印刷用ページを表示する 掲載日:2013年2月13日更新

知事記者会見(平成25年2月12日)

本日(12日)のバックボードの表示について

村井知事

記者会見バックボードの写真

 それでは、いつもどおりバックボードの説明をいたします。
 本日は、昨年(平成24年)11月5日に発表しておりました復旧工事に係る道路・橋梁施設着手率と港湾施設着手率の2項目について、その後の進ちょく状況をお知らせいたします。
 この着手率は工事完成および応急的な工事を完了した箇所も含めた箇所ベースでの数値となっております。
 まず、こちらの道路・橋梁施設(復旧工事)着手率でございますが、昨年10月末現在では80%でございましたが、これが今年(平成25年)の1月末現在で84%になっているということでございます。内陸部においては順調に工事が進ちょくしておりまして、今年度(平成24年度)内にはおおむね完了する予定となっております。一方、沿岸部においては、まちづくり計画などとの調整が整った箇所から、順次本格的な復旧工事に着手しているところであります。
 次に、こちらの港湾施設(復旧工事)着手率でございます。昨年10月末現在は55%でありましたが、今年の1月末現在では60%になっているということでございます。なお、仙台塩釜港における平成24年の取扱貨物量につきましては、速報値でありますが、平成22年の実績を上回るなど順調に回復しております。ただ、コンテナ貨物量についてはまだ77%までしか回復していないということでございます。先般(2月6日)も(仙台国際貿易港首都圏)セミナーをやりまして、これを早く平成22年(取扱貨物量)の21万6千TEU(※)にもっていくように、努力をしたいと考えてございます。
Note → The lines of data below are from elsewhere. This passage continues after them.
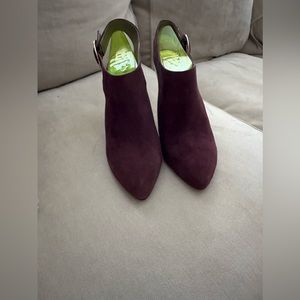 Sam Edelman Julian Burgundy Suede Buckle Slingback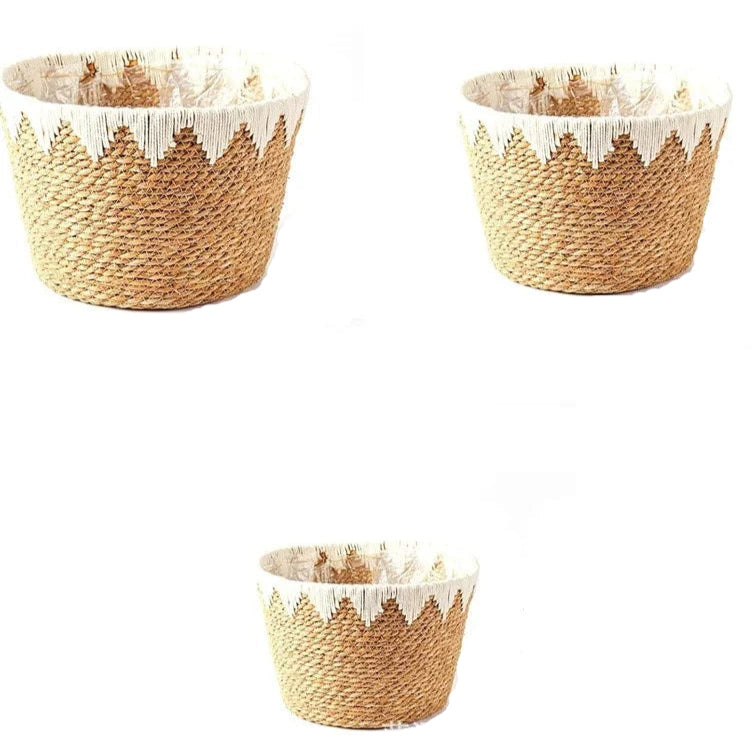Cache pot en rotin blanc dimensions variees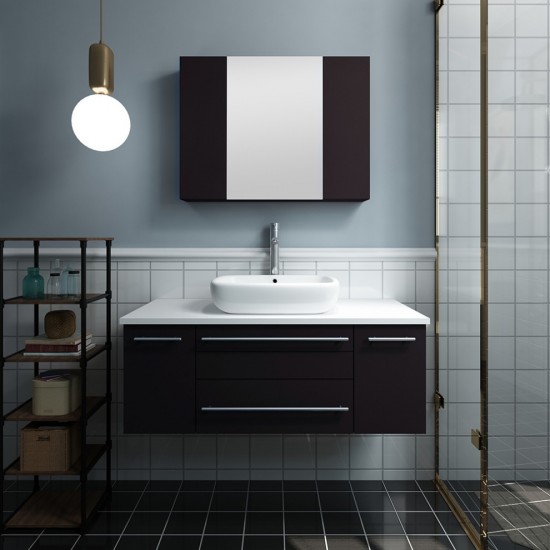 42 Espresso Wall Hung Vessel Sink Modern Bathroom Vanity w/ Medicine Cabinet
(※)TEU・・・標準的な大きさのコンテナ(20フィートコンテナ)に換算したコンテナの取扱個数。

東北電力の電力料金値上げについて

Q

 東北電力が値上げに関して、今年の7月から11%台で最終調整をしているという報道があったが、県民生活への影響、特に被災者の負担について知事の所感を伺う。

村井知事

 電力(料金)の値上げについては、東北電力から正式な連絡や報告というものは一切ございません。従って、正確な情報は何もつかんでいないということでございます。仮に値上げがなされて、報道のとおり11%といったような形になるならば、少なからず県民の生活に影響を及ぼすことは間違いないだろうと思っております。

Q

 それについて県で対応策というのは難しいと思うが、何かお考えはあるか。

村井知事

 これはあくまでも一事業者が、燃料が高騰し、また復旧費等にお金がかかっているということから、値上げに踏み切らざるを得ないと判断したものでございますので、宮城県としては特段これに対する対応というものを考えているわけではございません。

Q

 値上げに当たって、東北電力自身も身を切って最低限の値上げに抑えているのか検証が当然必要と思うが、その姿勢についてどんなことを求めていきたいと考えるか。

村井知事

 これは県民あるいは県内の企業が等しく負担をすることになりますので、できる限り身を削り、経費を削減する努力をした上で、県民に理解を求めていくという姿勢は当然求められると思います。東北電力から正式にそのような話があった場合には、私どものほうからしっかりと物を申したいと思っています。

中国の大気汚染の日本への影響について

Q

 西日本で問題になっている中国の大気汚染の影響について、宮城県で観測や対応として考えていることはあるか。

村井知事

 PM2.5(微小粒子状物質)につきましては、実は今回の問題がクローズアップされる前から継続的に県内で検査はしているということであります。検査機器は6基県内にあるそうですが、そのうち4基が稼働しているということでございまして、その4基で継続的に調査をしております。その結果、環境基準を超えるところにはまだ来ていないということでございます。県民の皆さまの関心が非常に高くなっておりますので、今後もしっかりと検査をしたいと思っております。また、どのような対応をすればいいのかということについては、今、国が全国統一的な基準を設けるという方向で検討していると伺っております。4基全部が県の施設(というの)ではありません。(なお、)県が管理している施設は、(6基のうち)名取(機器点検中)と大和(今回稼働している4基のひとつ)にある2カ所だと聞いております。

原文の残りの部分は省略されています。